EXERCISE REQUIREMENTS: Return the data below exactly, minus the pictures.

DATA BELOW:
----

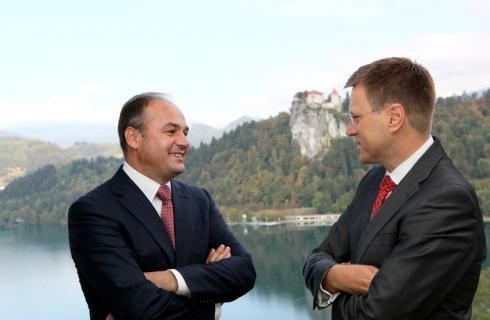 Slovenya AB Yolunda Kosova'yı Destekliyor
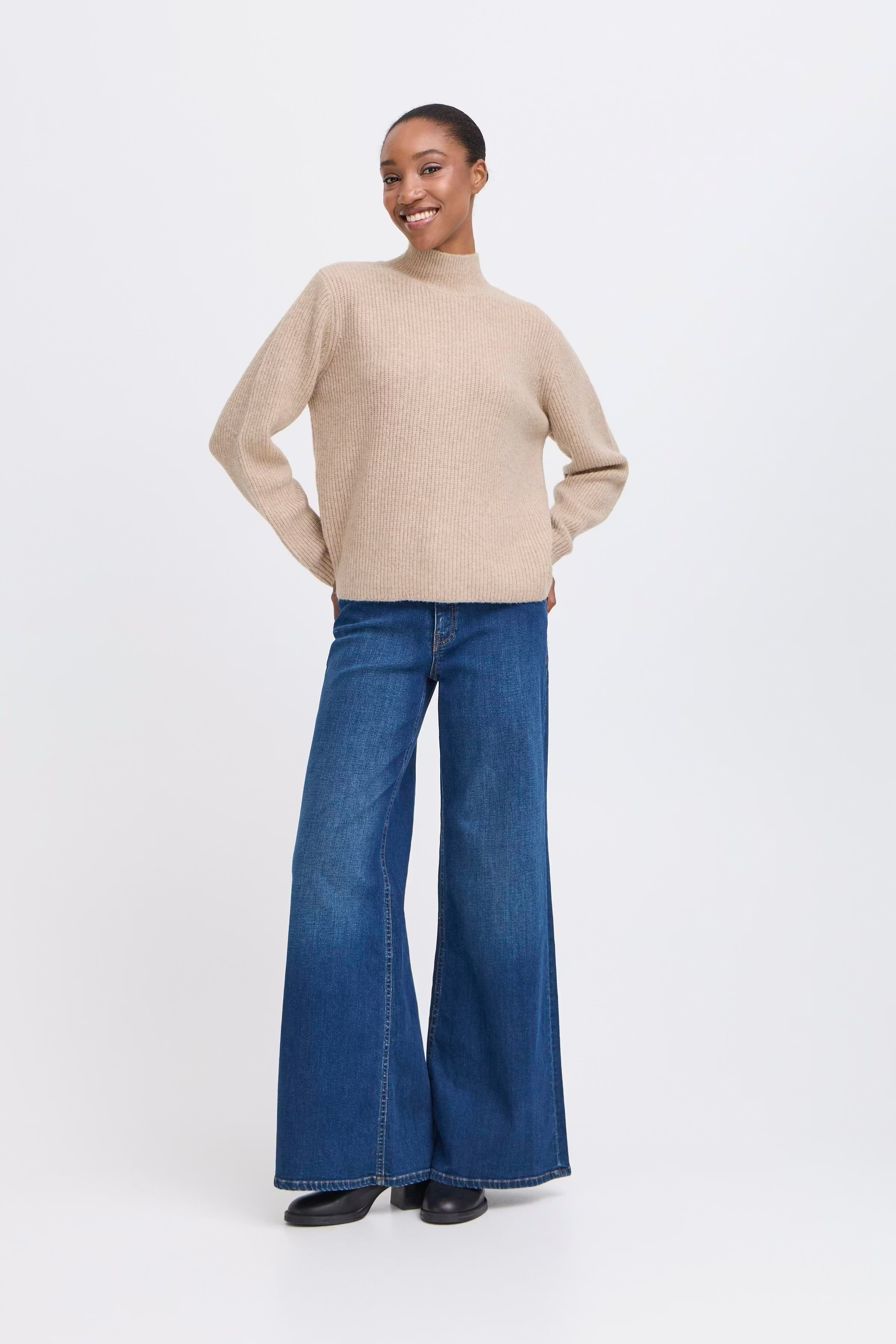 IHDUCIE Pullover LOOKBOOK FRONT 20124039-1304011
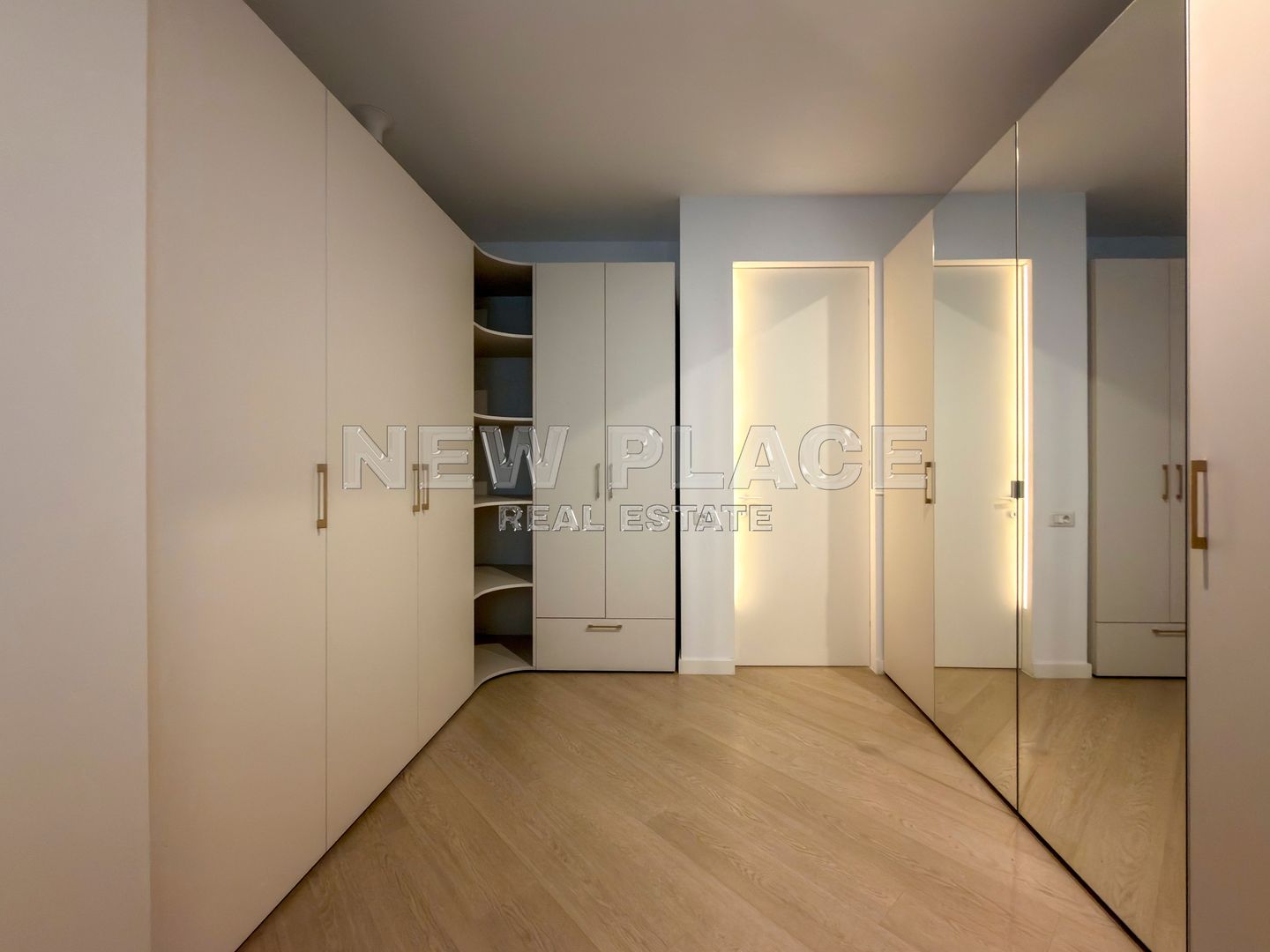 [VIDEO] CORTINA NORTH | Bucatarie inchisa | 1,100 Eur+TVA|Terasa 30 mp - Poză 14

----

TASK OUTPUT:
 Slovenya AB Yolunda Kosova'yı Destekliyor
 IHDUCIE Pullover LOOKBOOK FRONT 20124039-1304011
 [VIDEO] CORTINA NORTH | Bucatarie inchisa | 1,100 Eur+TVA|Terasa 30 mp - Poză 14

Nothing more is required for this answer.